Diese Entscheidung kann weitreichende Folgen für den Bau von Flüchtlingswohnungen haben: Das Verwaltungsgericht Hamburg hat den Bau der Flüchtlingsunterbringung Klein Borstel (Ohlsdorf) gestoppt. Damit haben die Richter einem Eilantrag einiger Anwohner stattgegeben, der sich gegen die Baugenehmigung der Baubehörde für die Errichtung der Unterkunft für 700 Flüchtlinge richtet.

Die Entscheidung ist deshalb von so großer Bedeutung, weil es die bundesweit erste ist, die sich mit dem neu geschaffenen Baurecht befasst. Dieses war im vergangenen Herbst im Zuge des sogenannten Asyl-Beschleunigungsgesetzes in Kraft getreten. Es sieht vor, dass Wohnungsbau für Flüchtlinge auch auf Flächen genehmigt werden kann, wo es nach geltendem Baurecht nicht möglich wäre.

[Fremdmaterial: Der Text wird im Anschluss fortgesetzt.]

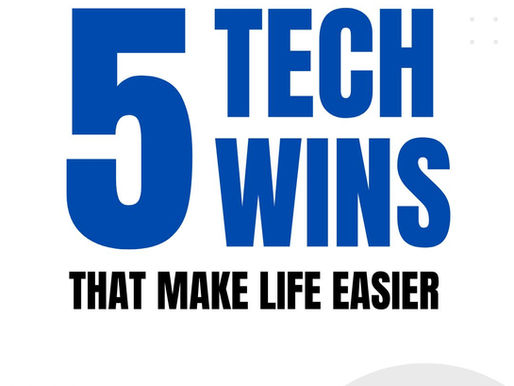 Tech Wins That Actually Made Small Business Life Easier This Year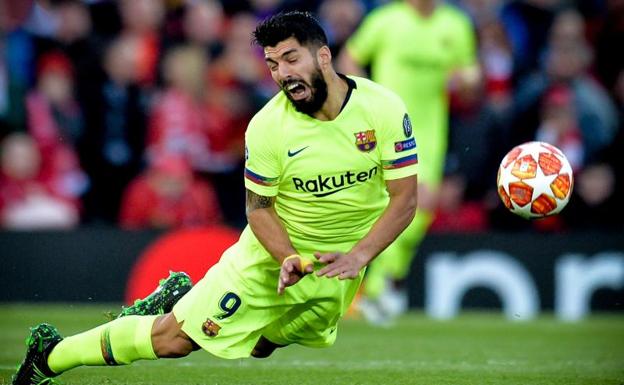 Luis Suárez se perderá la final de Copa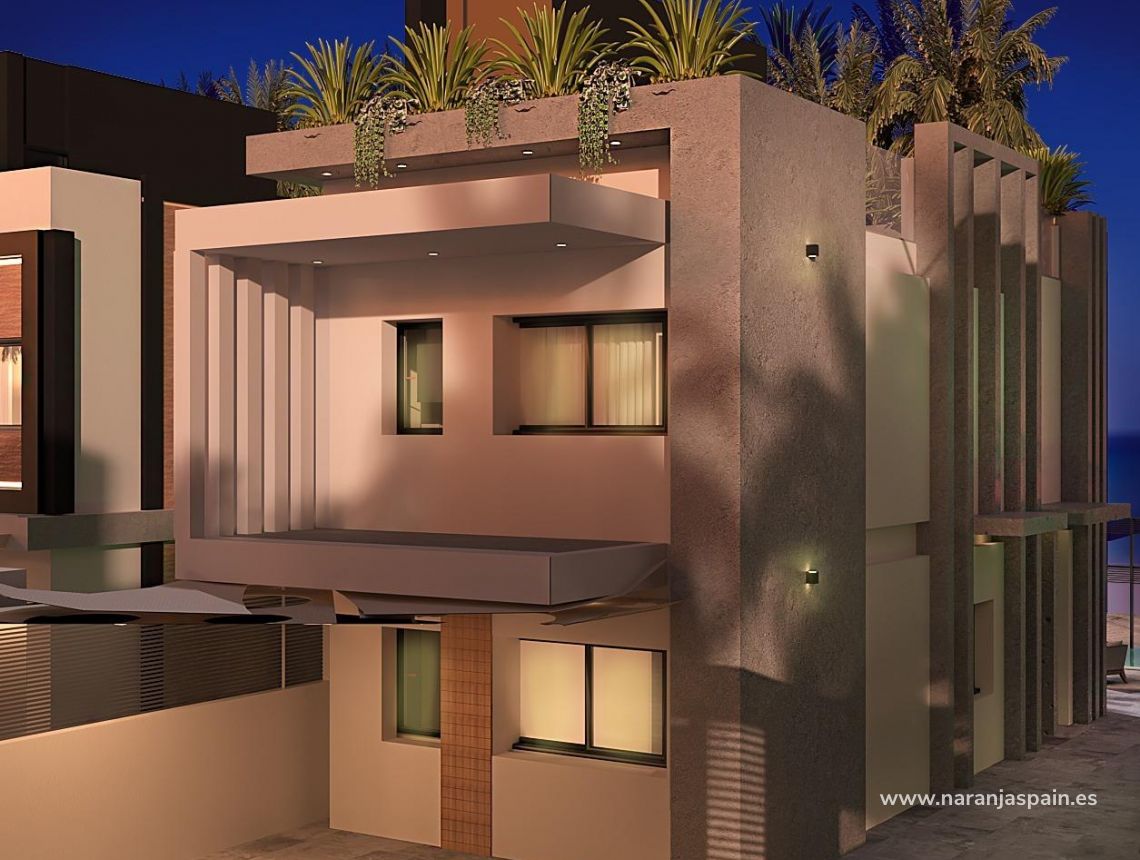 Obra Nueva - Villa - Puerto de Mazarron - El Alamillo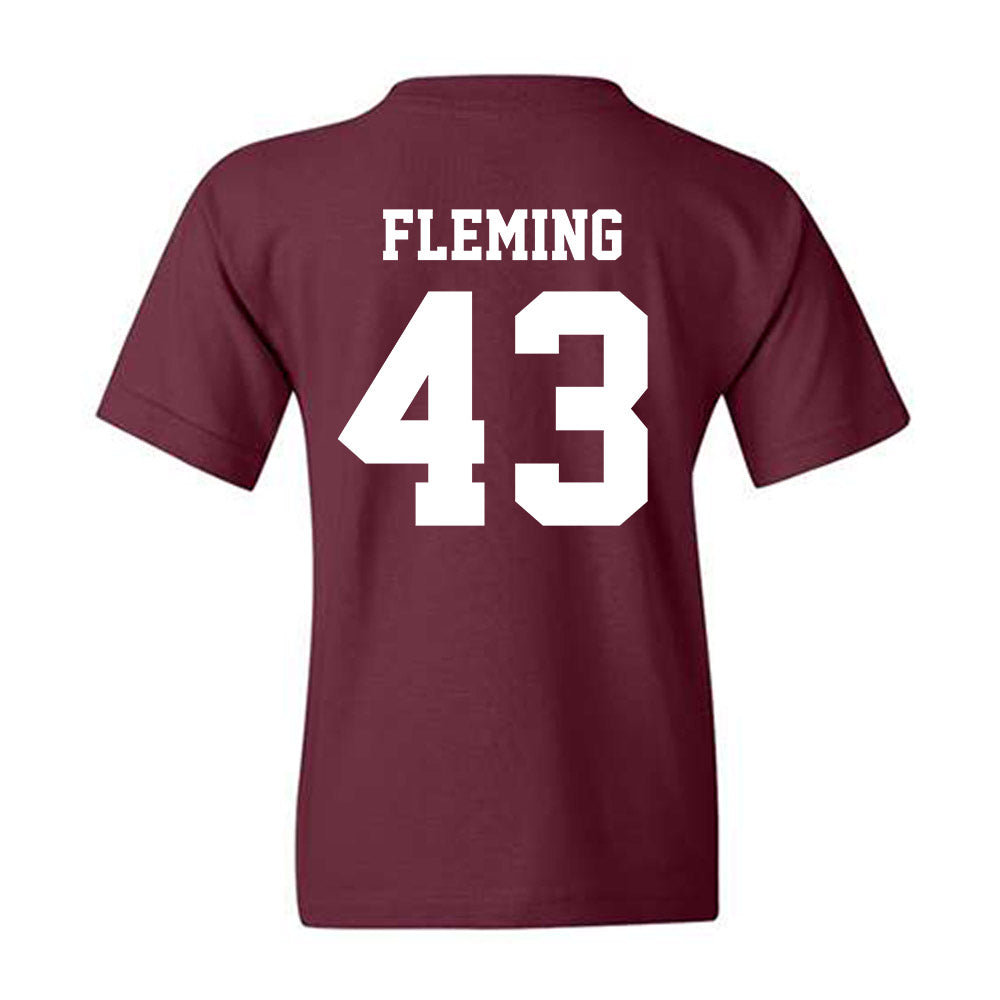 UWLAX - NCAA Football : Brady Fleming - Youth T-Shirt-1
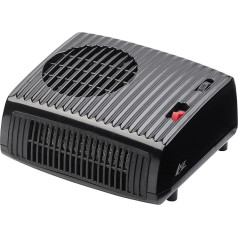 AGT Car Fan Heater: Electric Ceramic Auxiliary Heater Fan 2 Heat Settings 1850 Watt 230 V (Car Windows De-Icing Electric, Windscreen De-Icer Electric, Car)
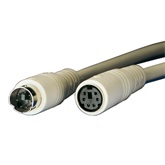 Roline 6M/F PS/2 hosszabbító kábel - 3m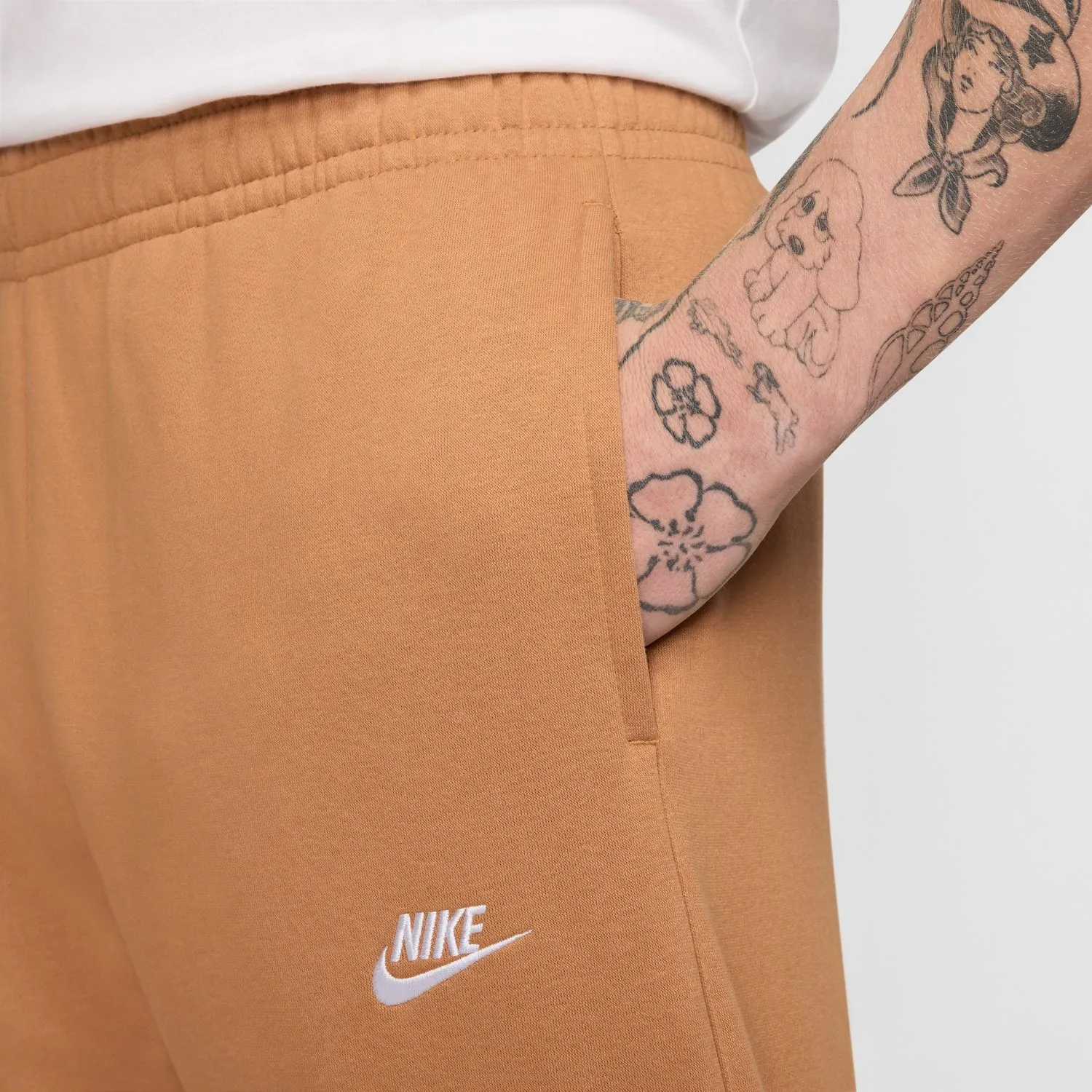 Club Fleece Cuff Pant - Mens Clothing_Nike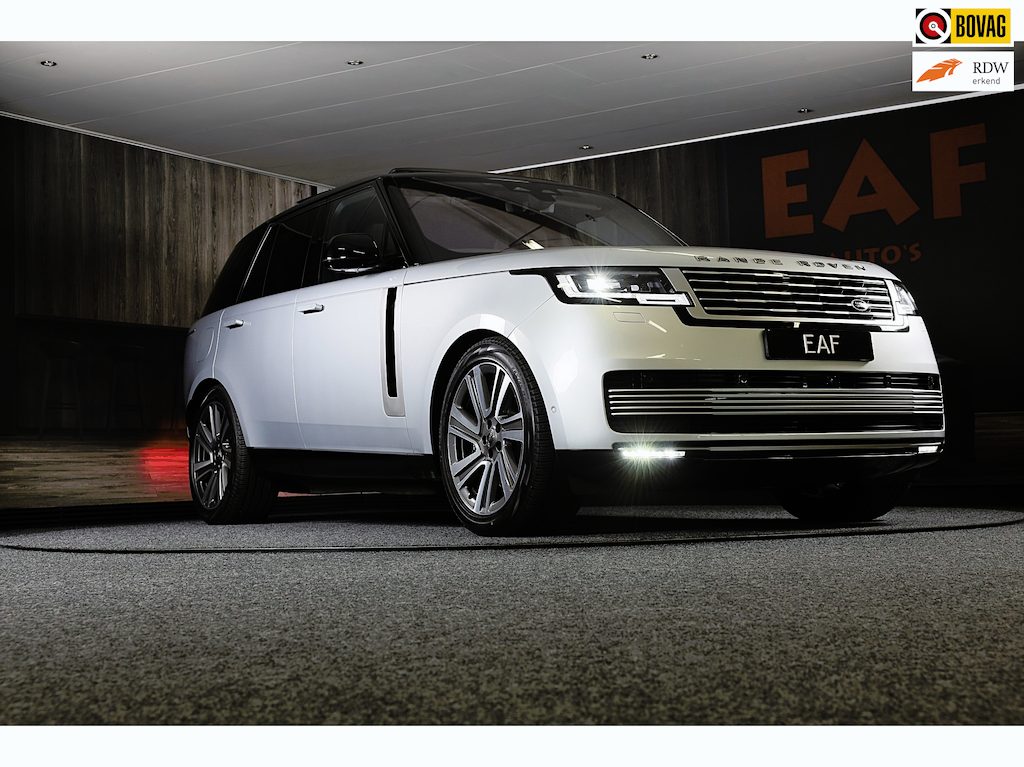 Land Rover Range Rover P 510E SV / Chauffeurspakket / Leder / Massage / Meridian / 360 Camera / Head Up / Open Pano / 22 Inch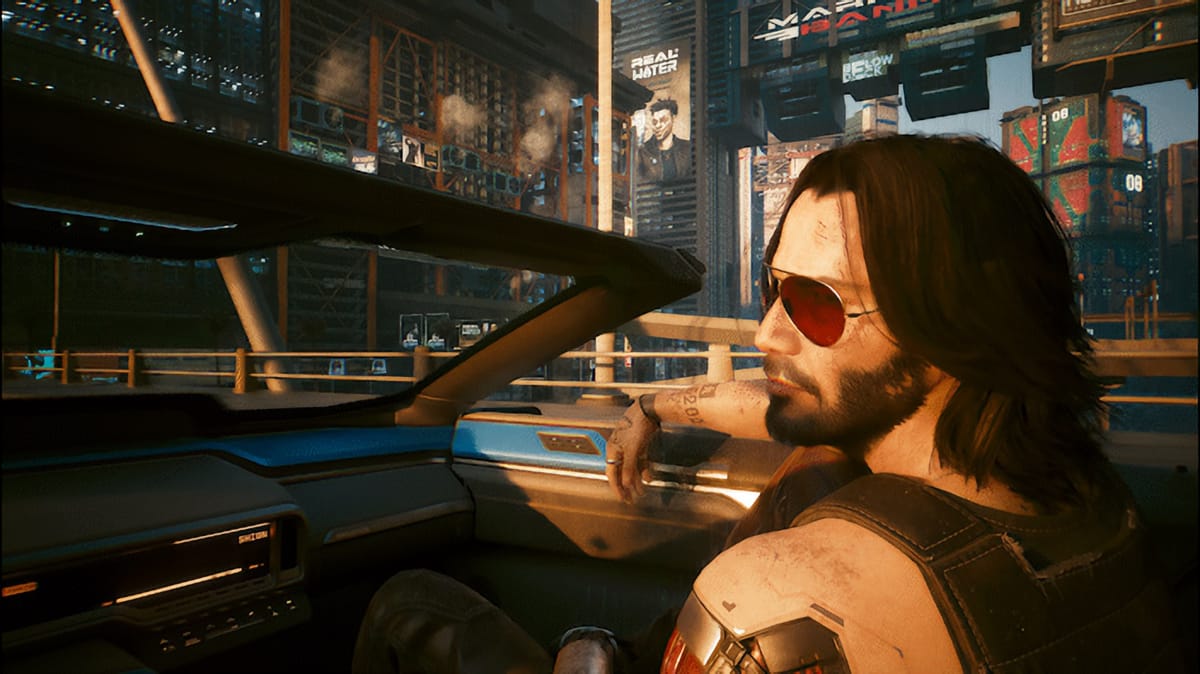 Des tas de nouvelles customisations pour V et les bagnoles de Cyberpunk 2077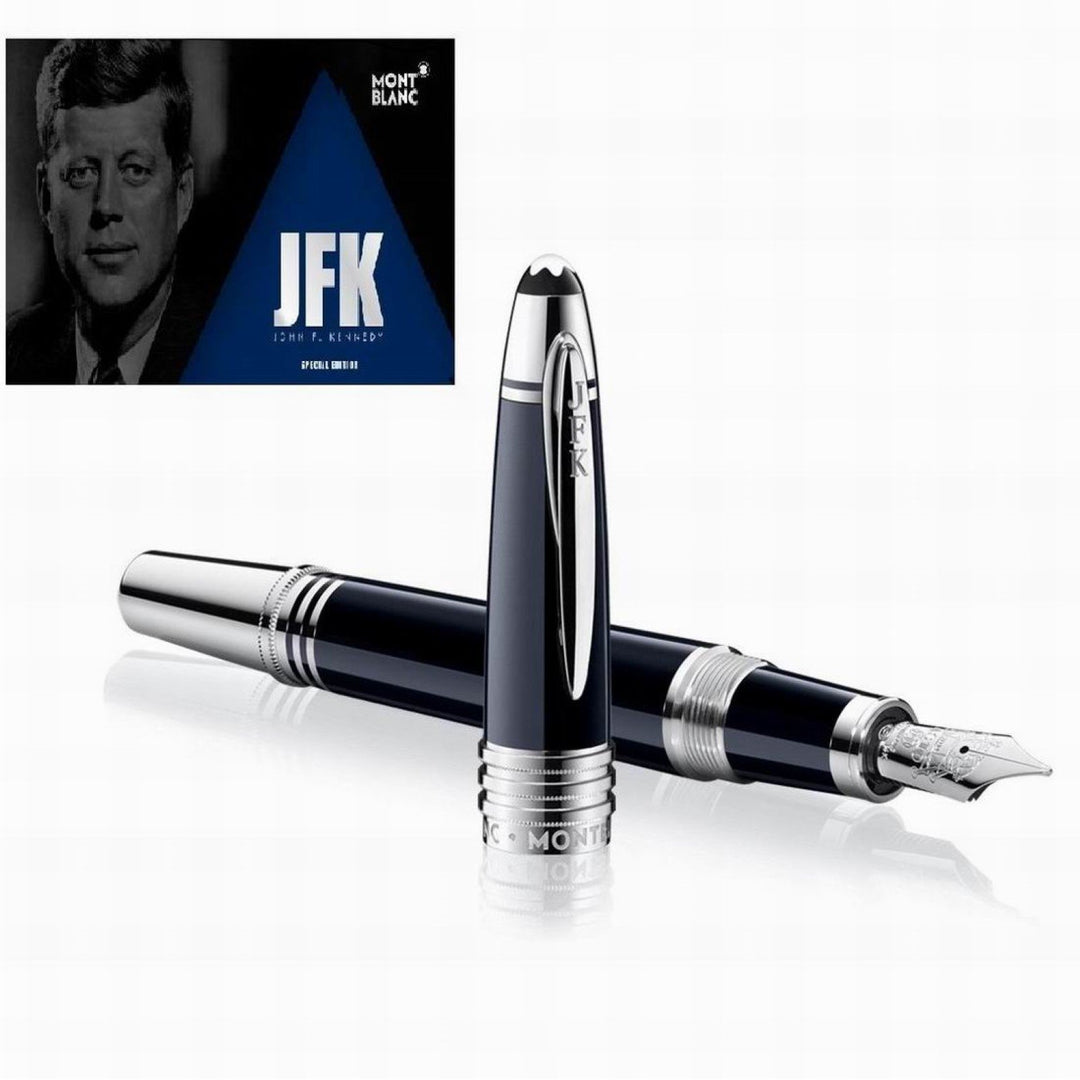 Pióro wieczne Montblanc Great Characters J.F. Kennedy Special Edition JFK 111045 - Biżuteria Capodagli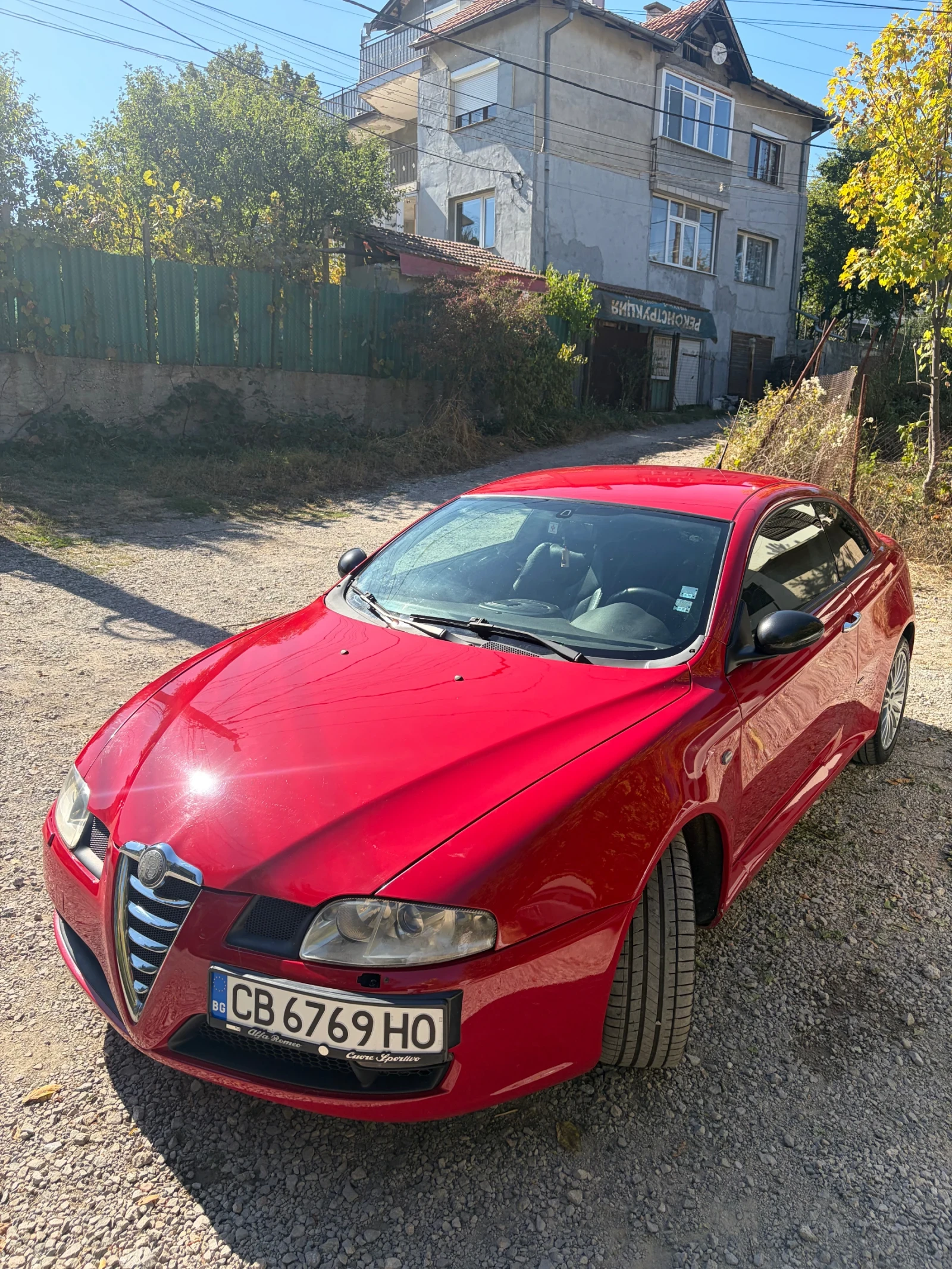 Alfa Romeo Gt 1.9 Mjet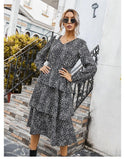 Robe  Longue Noire Bohème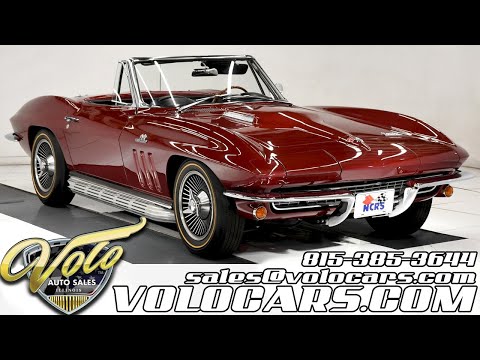 1966 Chevrolet Corvette (CC-1523995) for sale in Volo, Illinois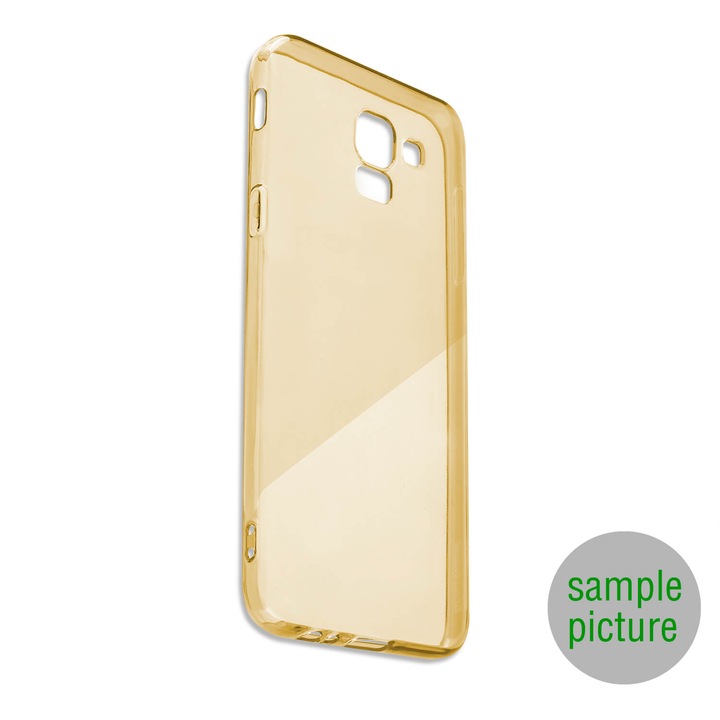 4smarts Soft Cover Invisible Slim - тънък силиконов кейс за iPhone 8, iPhone 7, iPhone 6S, iPhone 6 (златист)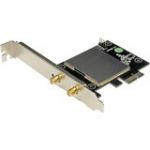 StarTech.com AC600 Wireless-AC Network Adapter - 802.11ac  PCI Express - Dual Band 2.4GHz and 5GHz Wireless Network Card - PCI Express - 600 Mbit/s - 2.40 GHz ISM - 5 GHz UNII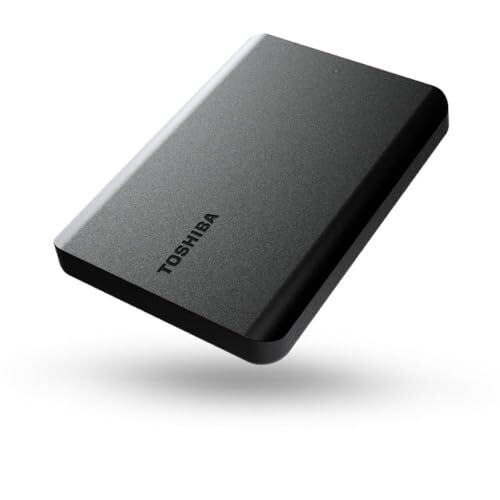 Toshiba Hard Disk Drive Canvio 1TB USB 3.2 HDTB510EK3AA توشيبا 3.2 HDTB510EK3AA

Im konkreten Fall sah das Baurecht vor, die Fläche in Klein Borstel nur als Anzuchtgarten für den angrenzenden Ohlsdorfer Friedhof zu nutzen. Die Stadt Hamburg versuchte, diese Bestimmung zunächst mithilfe des Polizeirechts und dann mit dem neuen Bundesrecht zu umgehen, um das Flüchtlingsdorf doch bauen zu können.

Diesem Vorhaben haben die Verwaltungsrichter nun vorläufig einen Riegel vorgeschoben. Sie argumentieren, dass die Stadt es unterlassen habe, alternative Flächen zu prüfen, auf denen sie das Baurecht weniger einschränken müsste als in Klein Borstel. „Wir fordern den Senat auf, jetzt in ernsthaften Gesprächen mit uns nach gebietsverträglichen Lösungen zu suchen“, sagte Olaf Peter, Vorsitzender des Vereins Lebenswertes Klein Bors­tel. Die Initiative hält die Dimensionen der Unterkunft angesichts der rund 800 Bewohner zählenden und nur 30 Meter entfernten Einzel- und Reihenhaussiedlung für zu groß. Gero Tuttlewski, Anwalt der Initiative, hält die Entscheidung auf alle weiteren ähnlichen Flächen für übertragbar.

Die Stadt Hamburg kündigte an, gegen die Entscheidung vorzugehen. „Das Verwaltungsgericht hat die Änderungen des Baugesetzbuches so eng ausgelegt, dass die Regelung des Baugesetzbuches quasi ins Leere läuft. Deshalb sind wir auf eine Klärung durch das Oberverwaltungsgericht angewiesen“, sagte Kerstin Graupner, Sprecherin des Zentralen Koordinierungsstabs Flüchtlinge. Das Oberverwaltungsgericht will sich in einem Eilverfahren mit dem Vorgang beschäftigen. Bis zu einer Entscheidung bleibt der Baustopp bestehen. Das kann etwa zwei Monate dauern. Aber auch diese Entscheidung wäre nicht endgültig. Es dürfte sich ein jahrelanger Prozess im Hauptsacheverfahren anschließen.

In einem anderen Verfahren vor dem Verwaltungsgericht hat die Stadt dagegen gewonnen. Sie darf am Gleisdreieck in Bergedorf eine Flüchtlingsunterkunft erst einmal weiterbauen.